Bisnis.com, JAKARTA – Kementerian Energi dan Sumber Daya Mineral mengakui masih terdapat sejumlah tantangan yang dihadapi pemerintah dalam mengembangkan bauran energi baru terbarukan (EBT) di dalam negeri.
Direktur Geothermal Kementerian ESDM Harris Yahya menilai bahwa potensi EBT di Indonesia cukup besar. Akan tetapi, kemampuan untuk pemanfaatannya masih sangat terbatas.
Menurutnya, pembangkit listrik berbasis EBT, seperti tenaga surya dan bayu masih bersifat intermittent atau putus-putus. Artinya, pembangkit listrik jenis itu sangat bergantung pada faktor cuaca, baik matahari maupun angin.
Kemudian, keterbatasan jaringan juga menjadi tantangan tersendiri dalam penyerapan listrik dari pembangkit listrik berbasis EBT. Pembangkit listrik bersih hingga kini juga tidak dapat ditransportasikan ke wilayah lainnya.

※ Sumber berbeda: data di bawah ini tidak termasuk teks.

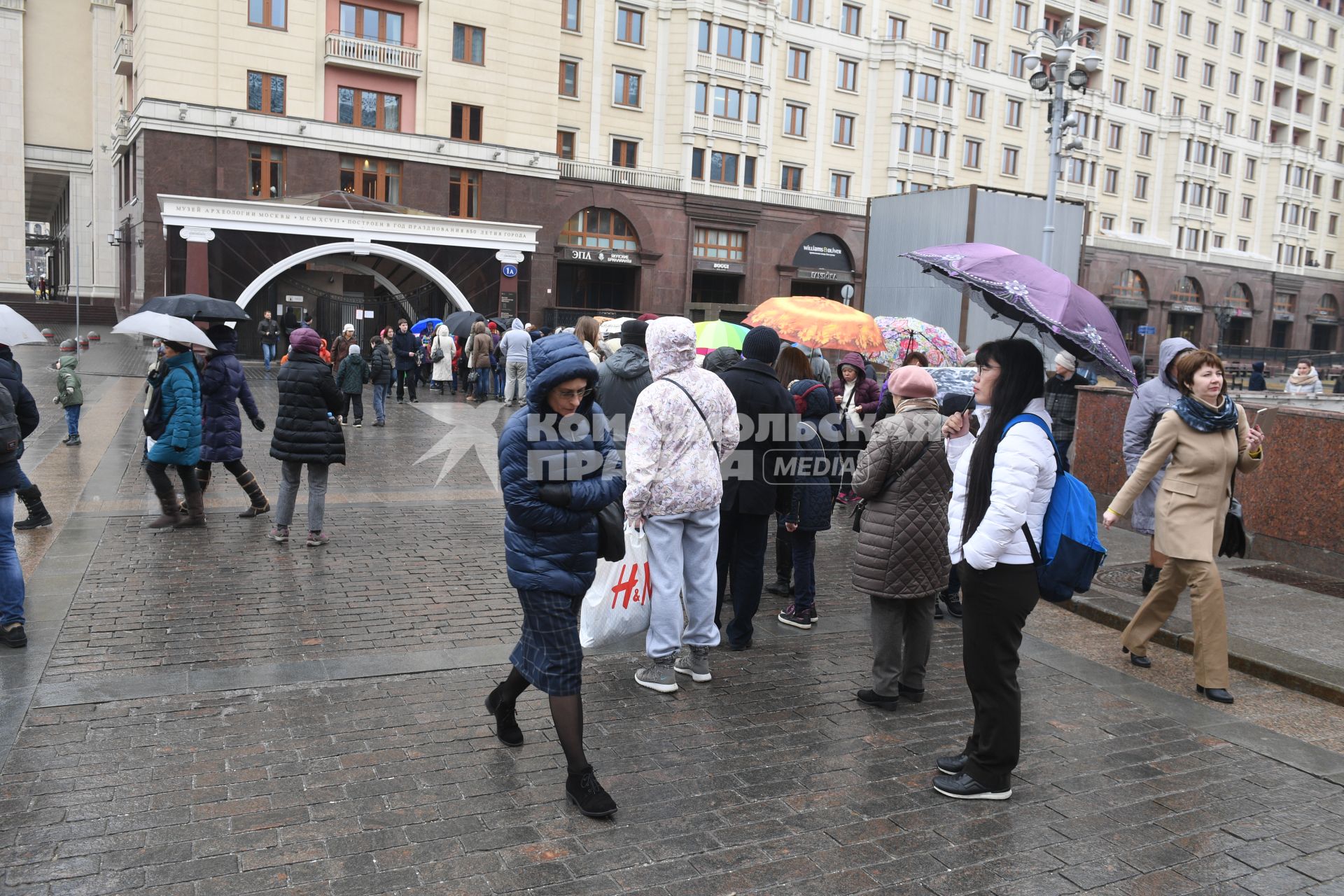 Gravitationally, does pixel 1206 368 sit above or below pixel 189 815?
above

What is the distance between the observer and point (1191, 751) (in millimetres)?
4898

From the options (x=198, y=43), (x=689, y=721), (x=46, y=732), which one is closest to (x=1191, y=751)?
(x=689, y=721)

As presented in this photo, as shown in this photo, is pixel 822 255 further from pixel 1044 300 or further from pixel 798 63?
pixel 1044 300

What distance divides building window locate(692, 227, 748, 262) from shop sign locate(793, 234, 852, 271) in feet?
9.20

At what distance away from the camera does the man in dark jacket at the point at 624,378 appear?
6734 mm

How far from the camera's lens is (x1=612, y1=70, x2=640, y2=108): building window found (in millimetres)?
41562

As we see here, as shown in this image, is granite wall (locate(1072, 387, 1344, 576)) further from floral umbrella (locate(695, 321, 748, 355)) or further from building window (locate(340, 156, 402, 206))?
building window (locate(340, 156, 402, 206))

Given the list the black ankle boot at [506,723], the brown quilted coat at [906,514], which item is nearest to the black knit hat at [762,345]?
the brown quilted coat at [906,514]

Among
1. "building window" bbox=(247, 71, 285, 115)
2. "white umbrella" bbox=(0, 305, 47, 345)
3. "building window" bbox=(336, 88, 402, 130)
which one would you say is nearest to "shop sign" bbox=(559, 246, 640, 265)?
"building window" bbox=(336, 88, 402, 130)

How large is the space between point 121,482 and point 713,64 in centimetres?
3671

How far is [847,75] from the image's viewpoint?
46.7m

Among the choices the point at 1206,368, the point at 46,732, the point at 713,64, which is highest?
the point at 713,64

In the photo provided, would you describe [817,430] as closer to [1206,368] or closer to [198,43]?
[1206,368]


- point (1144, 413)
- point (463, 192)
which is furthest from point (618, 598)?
point (463, 192) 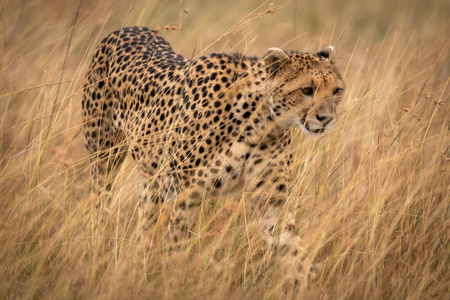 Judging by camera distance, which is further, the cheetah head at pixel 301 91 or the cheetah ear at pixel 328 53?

“Kemampuan kami terbatas, tetapi permasalahan ini harus diatasi. Lainnya, konsumsi energi mengalami penurunan karena ada kondisi pandemi belum berakhir,” katanya saat webinar, Rabu (22/9/2021).
Penurunan konsumsi tersebut mengakibatkan surplus pasokan listrik dari pembangkit PLN, sehingga setrum dari pembangkit listrik berbasis EBT tidak dapat masuk ke dalam jaringan.
Di sisi lain, investasi untuk EBT juga masih relatif tinggi. Kondisi itu diperparah dengan rendahnya ketertarikan perbankan untuk berinvestasi di bidang EBT.
Pasalnya, bauran energi bersih dinilai masih berisiko tinggi, sehingga perbankan memberikan bunga tinggi untuk proyek energi tersebut.
Meski demikian, Harris menyebut bahwa masih banyak peluang pada pengembangan energi bersih. Energi terbarukan dinilai masih cukup menjanjikan seiring dengan harga produknya yang terus mengalami penurunan.
Selain itu, teknologi pemanfaatan EBT semakin berkembang setiap saat. Beberapa di antaranya seperti energi dari hidrogen dan nuklir skala kecil yang membuat pemanfaatan EBT kian optimal.
Situasi lainnya adalah dukungan finansial yang mulai masuk untuk EBT. Perbankan juga berkomitmen tidak lagi mengguyur dana untuk pembangkit dengan bahan bakar fosil.